▸ **What you should do**
Please return every line of the records that contains the word "Yellow".

▸ **Input data**
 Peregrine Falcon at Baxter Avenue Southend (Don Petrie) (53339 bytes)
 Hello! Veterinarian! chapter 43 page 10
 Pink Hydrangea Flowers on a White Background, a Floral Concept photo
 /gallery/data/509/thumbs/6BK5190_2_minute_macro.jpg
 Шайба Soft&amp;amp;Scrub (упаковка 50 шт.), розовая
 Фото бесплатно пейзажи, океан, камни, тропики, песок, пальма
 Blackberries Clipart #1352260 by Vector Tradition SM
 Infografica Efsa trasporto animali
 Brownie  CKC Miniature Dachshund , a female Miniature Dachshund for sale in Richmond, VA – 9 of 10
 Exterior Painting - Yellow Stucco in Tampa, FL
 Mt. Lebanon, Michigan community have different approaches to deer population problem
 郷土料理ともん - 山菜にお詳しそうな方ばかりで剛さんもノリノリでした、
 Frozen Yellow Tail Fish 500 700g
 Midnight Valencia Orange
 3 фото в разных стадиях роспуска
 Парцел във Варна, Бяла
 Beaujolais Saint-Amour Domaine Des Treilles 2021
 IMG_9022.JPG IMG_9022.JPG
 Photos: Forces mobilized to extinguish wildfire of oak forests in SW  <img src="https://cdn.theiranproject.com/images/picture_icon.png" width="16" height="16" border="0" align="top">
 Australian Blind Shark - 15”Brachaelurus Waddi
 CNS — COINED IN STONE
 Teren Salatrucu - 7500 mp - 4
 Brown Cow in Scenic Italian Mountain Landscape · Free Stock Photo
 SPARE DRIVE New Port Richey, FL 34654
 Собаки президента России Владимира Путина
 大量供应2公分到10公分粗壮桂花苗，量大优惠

▸ **Exercise answer**
 Exterior Painting - Yellow Stucco in Tampa, FL
 Frozen Yellow Tail Fish 500 700g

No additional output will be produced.